How to sum the elements of a list column in a Dask Dataframe

Hi,

I am trying to sum the elements of a list column in a Dask Dataframe column.

import pandas as pd
import dask.dataframe as dd

# Create a Dask DataFrame
data = {'A': [[1, 2], [3, 4], [5, 6]]}
df = dd.from_pandas(pd.DataFrame(data), npartitions=1)

# Sum the list entries in column 'A'
df['sum'] = df['A'].apply(sum, meta=('sum', 'int64')) # meta is required for Dask

# Compute the result
result = df.compute()

print(result)

However, I am always getting the following error message

TypeError: unsupported operand type(s) for +: ‘int’ and ‘str’

In Pandas, the same operation can be done very easily with no errors

import pandas as pd

# Create a Dask DataFrame
data = {'A': [[1, 2], [3, 4], [5, 6]]}
df = pd.DataFrame(data)

# Sum the list entries in column 'A'
df['sum'] = df['A'].apply(sum)

Do you have any ideas or suggestions on how to fix this in Dask?

Thanks

You might be interested to look at akimbo, which is designed exactly for complex data types stored in normal dataframes. The code to get you want would be

import akimbo.dask
df.A.ak.sum(axis=-1)

Note, that this will not be particularly faster than map with sum, or delayed function with iteration/comprehensions, if your data starts off as python objects. BUT, if your data comes from a source which can directly make arrow vectorized data (e.g., parquet), then there is no conversion, and akimbo will tend to be much faster than pure python.

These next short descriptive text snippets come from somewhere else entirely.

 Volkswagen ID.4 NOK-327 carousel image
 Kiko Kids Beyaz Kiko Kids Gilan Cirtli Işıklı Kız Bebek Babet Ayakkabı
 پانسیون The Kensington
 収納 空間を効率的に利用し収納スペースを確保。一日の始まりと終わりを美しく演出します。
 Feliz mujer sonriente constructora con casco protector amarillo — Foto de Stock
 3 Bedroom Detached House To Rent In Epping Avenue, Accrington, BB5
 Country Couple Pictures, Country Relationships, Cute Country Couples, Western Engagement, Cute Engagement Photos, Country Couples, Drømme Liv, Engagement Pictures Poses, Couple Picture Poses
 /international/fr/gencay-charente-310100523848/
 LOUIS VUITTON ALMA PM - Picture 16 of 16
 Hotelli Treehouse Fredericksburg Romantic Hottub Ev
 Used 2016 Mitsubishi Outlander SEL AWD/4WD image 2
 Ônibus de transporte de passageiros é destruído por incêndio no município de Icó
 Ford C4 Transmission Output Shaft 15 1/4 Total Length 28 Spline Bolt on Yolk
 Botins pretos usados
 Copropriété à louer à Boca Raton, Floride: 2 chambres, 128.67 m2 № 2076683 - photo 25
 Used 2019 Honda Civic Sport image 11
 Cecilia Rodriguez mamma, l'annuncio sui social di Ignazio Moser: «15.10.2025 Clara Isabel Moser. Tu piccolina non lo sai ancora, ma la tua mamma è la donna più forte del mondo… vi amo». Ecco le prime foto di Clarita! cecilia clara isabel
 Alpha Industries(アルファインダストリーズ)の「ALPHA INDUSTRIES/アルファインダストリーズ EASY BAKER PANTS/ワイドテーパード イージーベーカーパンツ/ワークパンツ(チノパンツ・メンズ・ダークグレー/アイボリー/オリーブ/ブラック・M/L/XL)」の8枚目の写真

The origin of your exception, is that the data type is “object” in the original data, which dask interprets to mean “string” (which is indeed the most common case), so it is silently converting your lists to strings. I don’t know how to fix that, except to explicitly convert the data to arrow first (for which I would also use akimbo)

data = {"A": [[1, 2], [3, 4], [5, 6]] * 100000} # bigger data for benchmarking
df = dd.from_pandas(pd.DataFrame(data).ak.unpack(), npartitions=8)

In [49]: %timeit df.map(sum, meta="int64").compute()
370 ms ± 1.14 ms per loop (mean ± std. dev. of 7 runs, 1 loop each)

In [52]: %timeit df.A.ak.sum(axis=-1).compute()
8.27 ms ± 85.3 ”s per loop (mean ± std. dev. of 7 runs, 100 loops each)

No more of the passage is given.